Firstly, let me define recursively the numbers $P_n(s_1,\dots,s_m)$ for a fixed natural number $n$ and an $m$-tuple of natural numbers $(s_1,\dots,s_m)$ as follows: $$P_n(s_1)=s_1$$ $$P_n(s_1,\dots,s_m) = \binom{n}{m} - \sum\limits_{q=1}^{m-1} P_n(s_1,\dots,s_q) \binom{n-q-(s_1+\cdots+s_q)}{m-q}$$
where I assume that $\binom{p}{t} = 0$ are defined as usual for $p\geqslant t \geqslant 0$ and $0$ otherwise. For instance, $P_n(s_1,\dots,s_m) = 0$ for $m\geqslant n+1$.
Now I define the main object, namely a family of polynomials with rational coefficients $x_{-q}(x_1,\dots,x_{n-1})$ ($n$ is still a fixed natural number) for $q \geqslant 0$ as follows:
$x_{0} = 0$ and $x_{-q}(x_1,\dots,x_{n-1})$ for $q > 0$ is defined recursively via
$$x_{-q} = -\frac{1}{n} \sum\limits_{m=2}^{n}\sum P_n(s_1,\dots,s_m) x_{n-s_1}\cdots x_{n-s_m}$$
where the second sum is taken over all natural numbers $(s_1,\dots,s_m)$ such that $\sum\limits_{i=1}^m s_i = q+n+1-m$.

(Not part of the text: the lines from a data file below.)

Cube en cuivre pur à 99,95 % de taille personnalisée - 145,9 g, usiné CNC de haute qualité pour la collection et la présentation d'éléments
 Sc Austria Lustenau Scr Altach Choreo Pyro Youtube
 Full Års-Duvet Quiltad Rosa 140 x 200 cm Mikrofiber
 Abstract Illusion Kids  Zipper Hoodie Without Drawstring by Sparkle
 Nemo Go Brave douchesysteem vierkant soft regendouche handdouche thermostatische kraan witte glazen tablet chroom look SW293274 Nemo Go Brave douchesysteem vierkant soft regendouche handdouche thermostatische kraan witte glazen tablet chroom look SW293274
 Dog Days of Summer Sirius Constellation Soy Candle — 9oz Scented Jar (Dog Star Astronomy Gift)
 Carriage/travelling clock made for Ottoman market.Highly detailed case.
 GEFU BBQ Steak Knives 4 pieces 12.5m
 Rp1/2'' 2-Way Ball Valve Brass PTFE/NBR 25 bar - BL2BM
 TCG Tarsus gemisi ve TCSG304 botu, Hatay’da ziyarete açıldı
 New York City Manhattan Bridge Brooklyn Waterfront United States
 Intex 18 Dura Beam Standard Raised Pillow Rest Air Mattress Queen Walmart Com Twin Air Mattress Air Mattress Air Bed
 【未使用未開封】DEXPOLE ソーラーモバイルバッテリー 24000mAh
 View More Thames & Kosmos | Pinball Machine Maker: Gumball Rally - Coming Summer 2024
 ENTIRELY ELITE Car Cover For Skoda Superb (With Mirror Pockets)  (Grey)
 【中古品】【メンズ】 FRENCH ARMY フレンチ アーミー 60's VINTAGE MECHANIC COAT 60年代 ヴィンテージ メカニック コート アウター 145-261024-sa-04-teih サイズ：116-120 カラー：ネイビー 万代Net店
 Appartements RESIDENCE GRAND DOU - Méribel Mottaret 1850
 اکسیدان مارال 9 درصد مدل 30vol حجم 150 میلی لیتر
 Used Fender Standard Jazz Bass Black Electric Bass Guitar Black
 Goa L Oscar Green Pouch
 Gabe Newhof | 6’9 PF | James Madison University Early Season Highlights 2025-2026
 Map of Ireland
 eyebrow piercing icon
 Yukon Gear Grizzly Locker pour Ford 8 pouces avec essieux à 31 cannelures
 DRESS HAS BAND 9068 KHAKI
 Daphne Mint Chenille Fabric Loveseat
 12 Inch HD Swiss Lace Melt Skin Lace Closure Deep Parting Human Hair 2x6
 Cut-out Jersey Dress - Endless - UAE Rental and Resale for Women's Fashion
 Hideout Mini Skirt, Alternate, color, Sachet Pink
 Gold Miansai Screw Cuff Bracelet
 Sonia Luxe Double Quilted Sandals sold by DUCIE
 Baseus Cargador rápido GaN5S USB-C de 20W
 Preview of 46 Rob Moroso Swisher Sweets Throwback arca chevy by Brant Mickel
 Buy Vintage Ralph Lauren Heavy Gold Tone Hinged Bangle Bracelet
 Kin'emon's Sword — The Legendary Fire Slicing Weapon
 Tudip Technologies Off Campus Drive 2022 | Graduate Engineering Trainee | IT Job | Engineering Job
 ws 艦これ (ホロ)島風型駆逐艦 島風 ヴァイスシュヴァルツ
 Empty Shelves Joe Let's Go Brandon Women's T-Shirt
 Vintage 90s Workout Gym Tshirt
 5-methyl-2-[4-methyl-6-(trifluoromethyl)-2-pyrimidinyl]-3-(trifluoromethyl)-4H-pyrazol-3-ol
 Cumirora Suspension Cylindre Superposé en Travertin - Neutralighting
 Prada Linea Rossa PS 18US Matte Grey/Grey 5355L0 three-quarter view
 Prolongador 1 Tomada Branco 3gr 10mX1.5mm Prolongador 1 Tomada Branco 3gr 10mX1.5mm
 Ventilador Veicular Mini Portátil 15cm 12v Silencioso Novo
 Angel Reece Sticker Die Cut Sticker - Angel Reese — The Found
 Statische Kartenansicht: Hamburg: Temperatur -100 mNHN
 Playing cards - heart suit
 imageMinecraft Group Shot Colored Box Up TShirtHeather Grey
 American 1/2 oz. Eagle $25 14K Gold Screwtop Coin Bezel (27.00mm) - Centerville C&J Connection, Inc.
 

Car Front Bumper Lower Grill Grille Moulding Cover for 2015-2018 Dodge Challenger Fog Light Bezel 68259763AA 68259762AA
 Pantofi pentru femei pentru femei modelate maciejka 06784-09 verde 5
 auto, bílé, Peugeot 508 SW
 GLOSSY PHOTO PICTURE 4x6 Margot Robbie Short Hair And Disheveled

For example, here is the list of them for $n=3$ (one can also prove that $x_{-n}$ are always equal to zero): $$x_{-1} = -x_1x_2$$ $$x_{-2} = -x_1^2-\frac{x_2^3}{3}$$
Then I need to compute all second partial derivatives of $x_{-q}$ (i.e. Hessian matrix $H_{n,q}$ of $x_{-q}$) for any $n$ and $1\leqslant q \leqslant n-1$ and it is the point where I've been completely stuck. I need these derivatives in order to check some equalities involving them and I am able to found them via direct calculations for some small numbers $n$, but I can't cope with the general case because the coefficients $P_n$ and the polynomials $x_{-q}$ are defined recursively and moreover $x_{-q}$ is defined via the implicit summation condition, that's why I do not understand how to write down a closed formula for any $n$.
Actually I can prove it, but only for $q=1$. In this case it follows from some general theory of Frobenius Manifolds that $-H_{n,1}$ is equal to the pairing matrix for $A_{n-1}$-type Frobenius Manifold which is just an antidiagonal matrix
I'd appreciate any help and thoughts on the computation or even on some properties of the coefficients $P_n$, polynomials $x_{-q}$ or their Hessian matrix.